INFORMATION SUPPLIED:
※

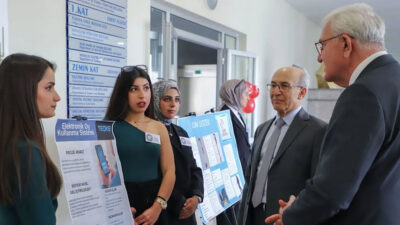 Sağlık Yönetimi Bölümü öğrencileri, girişimcilik dersi kapsamında geliştirdikleri projeleri “Bir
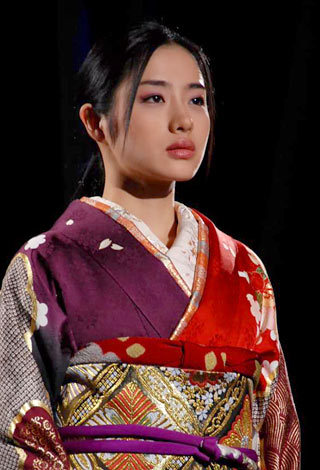 『日本の美を愛でる』着物ファッションショーにモデルとして出演した石原さとみ　（C）ORICON DD inc.　
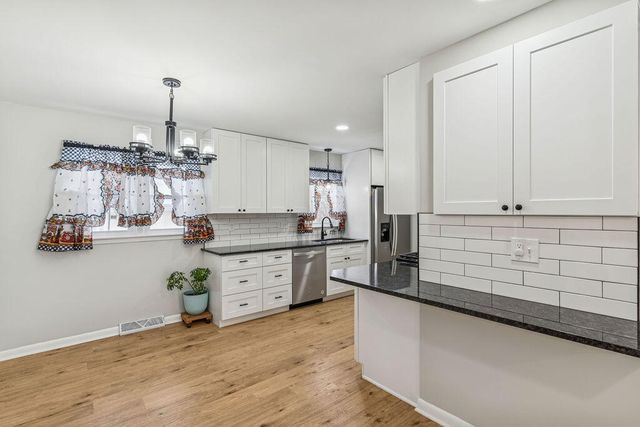 8450 Kraay Avenue, Munster, IN 46321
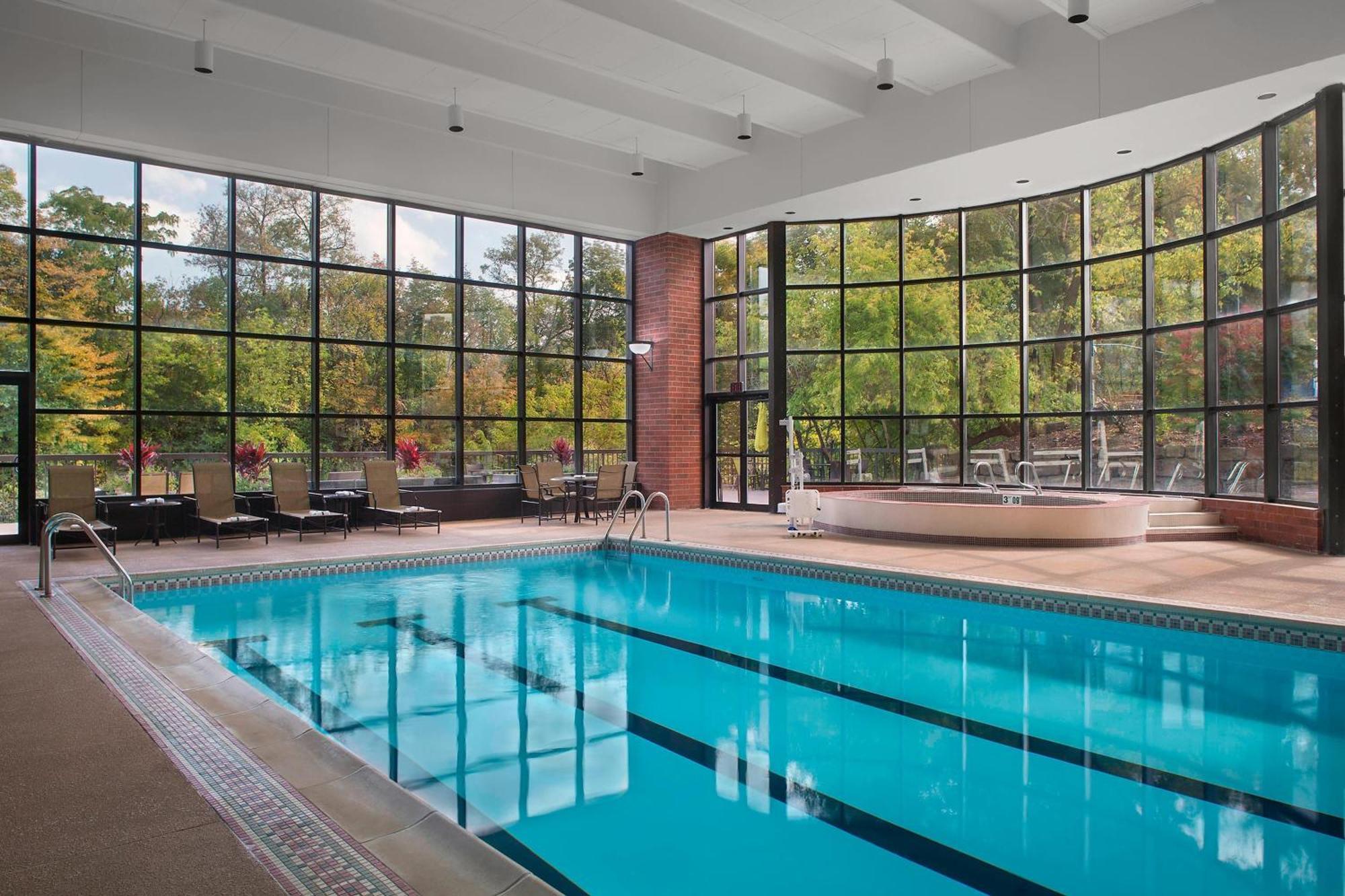 Sheraton Suites Akron קיאהוגה פולס מראה חיצוני תמונה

※

WHAT THE TASK REQUIRES: Restate all of the material above word for word. Pictures do not belong in it.

REPLY TO THE EXERCISE:
 Sağlık Yönetimi Bölümü öğrencileri, girişimcilik dersi kapsamında geliştirdikleri projeleri “Bir
 『日本の美を愛でる』着物ファッションショーにモデルとして出演した石原さとみ　（C）ORICON DD inc.　
 8450 Kraay Avenue, Munster, IN 46321
 Sheraton Suites Akron קיאהוגה פולס מראה חיצוני תמונה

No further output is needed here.